Stored data »

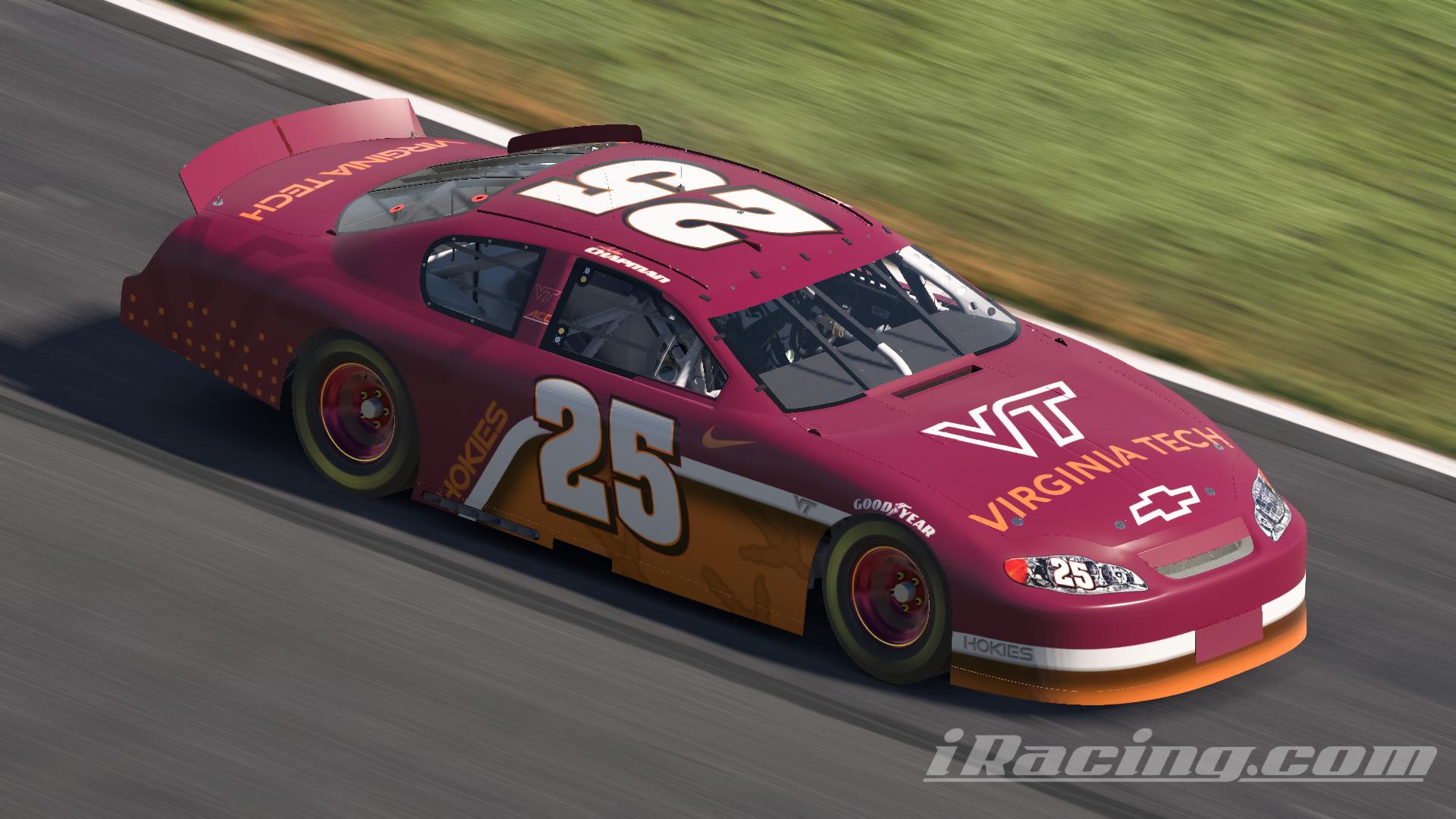 Preview of Andrew Champman #25 Virginia Tech Hokies Monte Carlo SS by Julio N.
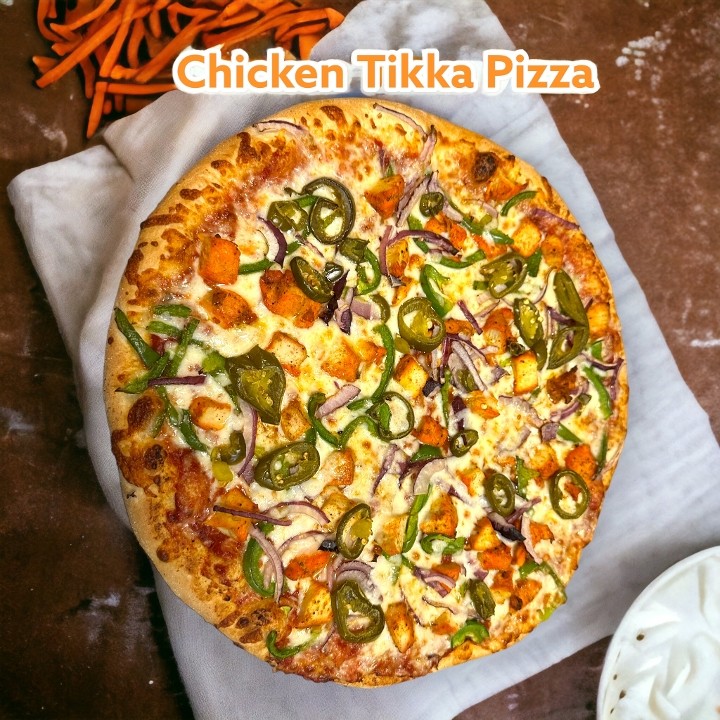 #2. Chicken Tikka Pizza - Halal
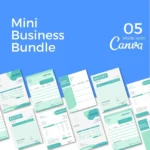 Downloadable Mini Business Template Bundle Style #2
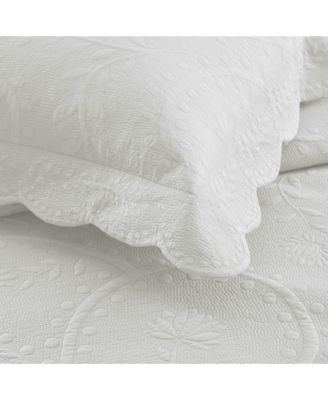 3 PCS 100% Cotton Oversized Bedspread Set Lightweight Quilt Set TX - Queen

Work instructions »
Give the data again word for word, without images.

Exercise response »
 Preview of Andrew Champman #25 Virginia Tech Hokies Monte Carlo SS by Julio N.
 #2. Chicken Tikka Pizza - Halal
 Downloadable Mini Business Template Bundle Style #2
 3 PCS 100% Cotton Oversized Bedspread Set Lightweight Quilt Set TX - Queen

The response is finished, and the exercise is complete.